What is needed> Retype each line of the listing. Do not alter anything.

Working data>
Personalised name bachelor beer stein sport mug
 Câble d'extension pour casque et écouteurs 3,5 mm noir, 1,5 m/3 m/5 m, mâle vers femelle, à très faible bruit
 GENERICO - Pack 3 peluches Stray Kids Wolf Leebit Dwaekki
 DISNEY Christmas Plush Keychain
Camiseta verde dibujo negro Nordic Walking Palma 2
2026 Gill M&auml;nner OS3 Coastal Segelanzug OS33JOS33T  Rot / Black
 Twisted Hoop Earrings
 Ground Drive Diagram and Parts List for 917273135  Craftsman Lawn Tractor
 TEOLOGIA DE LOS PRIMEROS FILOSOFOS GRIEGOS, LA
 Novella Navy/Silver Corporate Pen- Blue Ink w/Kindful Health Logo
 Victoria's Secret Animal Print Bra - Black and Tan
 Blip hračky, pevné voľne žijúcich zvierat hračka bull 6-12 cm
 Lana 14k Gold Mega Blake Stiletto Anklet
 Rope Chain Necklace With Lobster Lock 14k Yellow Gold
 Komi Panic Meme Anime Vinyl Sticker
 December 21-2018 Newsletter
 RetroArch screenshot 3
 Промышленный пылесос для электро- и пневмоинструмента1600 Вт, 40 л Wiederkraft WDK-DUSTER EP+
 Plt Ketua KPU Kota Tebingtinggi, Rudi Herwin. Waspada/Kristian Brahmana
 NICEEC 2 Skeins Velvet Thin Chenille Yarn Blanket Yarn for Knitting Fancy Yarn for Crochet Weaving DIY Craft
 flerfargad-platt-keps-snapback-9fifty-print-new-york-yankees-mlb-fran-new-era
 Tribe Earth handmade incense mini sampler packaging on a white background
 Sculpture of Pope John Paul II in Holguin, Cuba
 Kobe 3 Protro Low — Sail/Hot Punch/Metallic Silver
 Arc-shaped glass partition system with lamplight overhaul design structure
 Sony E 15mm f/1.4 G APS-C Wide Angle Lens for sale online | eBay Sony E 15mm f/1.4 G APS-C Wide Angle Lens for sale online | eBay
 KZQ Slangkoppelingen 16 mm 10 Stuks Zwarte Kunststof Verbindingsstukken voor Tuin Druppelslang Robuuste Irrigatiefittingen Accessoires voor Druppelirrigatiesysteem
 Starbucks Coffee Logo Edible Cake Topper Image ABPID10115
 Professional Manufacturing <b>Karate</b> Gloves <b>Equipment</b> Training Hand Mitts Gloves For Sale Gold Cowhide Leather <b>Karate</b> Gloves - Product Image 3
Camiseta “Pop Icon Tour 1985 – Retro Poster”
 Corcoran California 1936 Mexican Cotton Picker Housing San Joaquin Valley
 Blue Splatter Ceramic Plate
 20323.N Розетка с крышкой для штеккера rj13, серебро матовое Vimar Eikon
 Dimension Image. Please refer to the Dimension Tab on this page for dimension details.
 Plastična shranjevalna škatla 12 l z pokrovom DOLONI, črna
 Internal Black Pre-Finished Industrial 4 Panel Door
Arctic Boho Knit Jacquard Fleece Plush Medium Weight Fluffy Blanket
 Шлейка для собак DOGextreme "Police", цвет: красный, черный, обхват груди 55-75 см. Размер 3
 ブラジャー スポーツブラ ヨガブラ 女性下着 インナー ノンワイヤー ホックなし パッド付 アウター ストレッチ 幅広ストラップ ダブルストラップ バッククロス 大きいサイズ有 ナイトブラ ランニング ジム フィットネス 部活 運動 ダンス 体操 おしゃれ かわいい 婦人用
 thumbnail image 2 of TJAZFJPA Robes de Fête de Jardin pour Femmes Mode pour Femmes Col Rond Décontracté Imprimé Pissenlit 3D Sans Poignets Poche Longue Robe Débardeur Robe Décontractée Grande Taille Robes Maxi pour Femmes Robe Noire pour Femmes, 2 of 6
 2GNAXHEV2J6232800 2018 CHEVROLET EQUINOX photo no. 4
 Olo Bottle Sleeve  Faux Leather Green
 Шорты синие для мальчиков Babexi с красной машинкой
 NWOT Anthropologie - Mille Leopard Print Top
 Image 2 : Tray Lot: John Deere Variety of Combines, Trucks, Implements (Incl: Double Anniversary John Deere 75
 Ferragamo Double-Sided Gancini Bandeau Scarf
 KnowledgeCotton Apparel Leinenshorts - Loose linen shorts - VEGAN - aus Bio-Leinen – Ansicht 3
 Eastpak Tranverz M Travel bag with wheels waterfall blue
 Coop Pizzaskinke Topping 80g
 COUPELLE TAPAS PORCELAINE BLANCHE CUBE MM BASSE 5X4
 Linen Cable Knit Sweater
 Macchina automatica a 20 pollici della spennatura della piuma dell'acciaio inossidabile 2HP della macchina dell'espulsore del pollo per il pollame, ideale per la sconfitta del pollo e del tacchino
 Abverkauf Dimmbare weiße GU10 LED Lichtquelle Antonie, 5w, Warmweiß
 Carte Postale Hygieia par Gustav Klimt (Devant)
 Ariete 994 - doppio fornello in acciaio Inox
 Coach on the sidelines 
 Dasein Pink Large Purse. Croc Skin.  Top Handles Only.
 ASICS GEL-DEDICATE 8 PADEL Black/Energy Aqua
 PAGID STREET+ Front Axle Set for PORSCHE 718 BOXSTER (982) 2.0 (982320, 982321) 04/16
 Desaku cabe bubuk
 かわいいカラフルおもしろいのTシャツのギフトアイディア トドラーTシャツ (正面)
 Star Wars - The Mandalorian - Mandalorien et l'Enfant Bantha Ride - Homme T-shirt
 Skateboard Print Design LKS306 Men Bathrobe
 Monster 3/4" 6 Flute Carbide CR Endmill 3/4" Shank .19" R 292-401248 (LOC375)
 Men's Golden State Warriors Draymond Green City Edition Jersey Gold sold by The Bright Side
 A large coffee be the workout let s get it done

Task response>
Personalised name bachelor beer stein sport mug
 Câble d'extension pour casque et écouteurs 3,5 mm noir, 1,5 m/3 m/5 m, mâle vers femelle, à très faible bruit
 GENERICO - Pack 3 peluches Stray Kids Wolf Leebit Dwaekki
 DISNEY Christmas Plush Keychain
Camiseta verde dibujo negro Nordic Walking Palma 2
2026 Gill M&auml;nner OS3 Coastal Segelanzug OS33JOS33T  Rot / Black
 Twisted Hoop Earrings
 Ground Drive Diagram and Parts List for 917273135  Craftsman Lawn Tractor
 TEOLOGIA DE LOS PRIMEROS FILOSOFOS GRIEGOS, LA
 Novella Navy/Silver Corporate Pen- Blue Ink w/Kindful Health Logo
 Victoria's Secret Animal Print Bra - Black and Tan
 Blip hračky, pevné voľne žijúcich zvierat hračka bull 6-12 cm
 Lana 14k Gold Mega Blake Stiletto Anklet
 Rope Chain Necklace With Lobster Lock 14k Yellow Gold
 Komi Panic Meme Anime Vinyl Sticker
 December 21-2018 Newsletter
 RetroArch screenshot 3
 Промышленный пылесос для электро- и пневмоинструмента1600 Вт, 40 л Wiederkraft WDK-DUSTER EP+
 Plt Ketua KPU Kota Tebingtinggi, Rudi Herwin. Waspada/Kristian Brahmana
 NICEEC 2 Skeins Velvet Thin Chenille Yarn Blanket Yarn for Knitting Fancy Yarn for Crochet Weaving DIY Craft
 flerfargad-platt-keps-snapback-9fifty-print-new-york-yankees-mlb-fran-new-era
 Tribe Earth handmade incense mini sampler packaging on a white background
 Sculpture of Pope John Paul II in Holguin, Cuba
 Kobe 3 Protro Low — Sail/Hot Punch/Metallic Silver
 Arc-shaped glass partition system with lamplight overhaul design structure
 Sony E 15mm f/1.4 G APS-C Wide Angle Lens for sale online | eBay Sony E 15mm f/1.4 G APS-C Wide Angle Lens for sale online | eBay
 KZQ Slangkoppelingen 16 mm 10 Stuks Zwarte Kunststof Verbindingsstukken voor Tuin Druppelslang Robuuste Irrigatiefittingen Accessoires voor Druppelirrigatiesysteem
 Starbucks Coffee Logo Edible Cake Topper Image ABPID10115
 Professional Manufacturing <b>Karate</b> Gloves <b>Equipment</b> Training Hand Mitts Gloves For Sale Gold Cowhide Leather <b>Karate</b> Gloves - Product Image 3
Camiseta “Pop Icon Tour 1985 – Retro Poster”
 Corcoran California 1936 Mexican Cotton Picker Housing San Joaquin Valley
 Blue Splatter Ceramic Plate
 20323.N Розетка с крышкой для штеккера rj13, серебро матовое Vimar Eikon
 Dimension Image. Please refer to the Dimension Tab on this page for dimension details.
 Plastična shranjevalna škatla 12 l z pokrovom DOLONI, črna
 Internal Black Pre-Finished Industrial 4 Panel Door
Arctic Boho Knit Jacquard Fleece Plush Medium Weight Fluffy Blanket
 Шлейка для собак DOGextreme "Police", цвет: красный, черный, обхват груди 55-75 см. Размер 3
 ブラジャー スポーツブラ ヨガブラ 女性下着 インナー ノンワイヤー ホックなし パッド付 アウター ストレッチ 幅広ストラップ ダブルストラップ バッククロス 大きいサイズ有 ナイトブラ ランニング ジム フィットネス 部活 運動 ダンス 体操 おしゃれ かわいい 婦人用
 thumbnail image 2 of TJAZFJPA Robes de Fête de Jardin pour Femmes Mode pour Femmes Col Rond Décontracté Imprimé Pissenlit 3D Sans Poignets Poche Longue Robe Débardeur Robe Décontractée Grande Taille Robes Maxi pour Femmes Robe Noire pour Femmes, 2 of 6
 2GNAXHEV2J6232800 2018 CHEVROLET EQUINOX photo no. 4
 Olo Bottle Sleeve  Faux Leather Green
 Шорты синие для мальчиков Babexi с красной машинкой
 NWOT Anthropologie - Mille Leopard Print Top
 Image 2 : Tray Lot: John Deere Variety of Combines, Trucks, Implements (Incl: Double Anniversary John Deere 75
 Ferragamo Double-Sided Gancini Bandeau Scarf
 KnowledgeCotton Apparel Leinenshorts - Loose linen shorts - VEGAN - aus Bio-Leinen – Ansicht 3
 Eastpak Tranverz M Travel bag with wheels waterfall blue
 Coop Pizzaskinke Topping 80g
 COUPELLE TAPAS PORCELAINE BLANCHE CUBE MM BASSE 5X4
 Linen Cable Knit Sweater
 Macchina automatica a 20 pollici della spennatura della piuma dell'acciaio inossidabile 2HP della macchina dell'espulsore del pollo per il pollame, ideale per la sconfitta del pollo e del tacchino
 Abverkauf Dimmbare weiße GU10 LED Lichtquelle Antonie, 5w, Warmweiß
 Carte Postale Hygieia par Gustav Klimt (Devant)
 Ariete 994 - doppio fornello in acciaio Inox
 Coach on the sidelines 
 Dasein Pink Large Purse. Croc Skin.  Top Handles Only.
 ASICS GEL-DEDICATE 8 PADEL Black/Energy Aqua
 PAGID STREET+ Front Axle Set for PORSCHE 718 BOXSTER (982) 2.0 (982320, 982321) 04/16
 Desaku cabe bubuk
 かわいいカラフルおもしろいのTシャツのギフトアイディア トドラーTシャツ (正面)
 Star Wars - The Mandalorian - Mandalorien et l'Enfant Bantha Ride - Homme T-shirt
 Skateboard Print Design LKS306 Men Bathrobe
 Monster 3/4" 6 Flute Carbide CR Endmill 3/4" Shank .19" R 292-401248 (LOC375)
 Men's Golden State Warriors Draymond Green City Edition Jersey Gold sold by The Bright Side
 A large coffee be the workout let s get it done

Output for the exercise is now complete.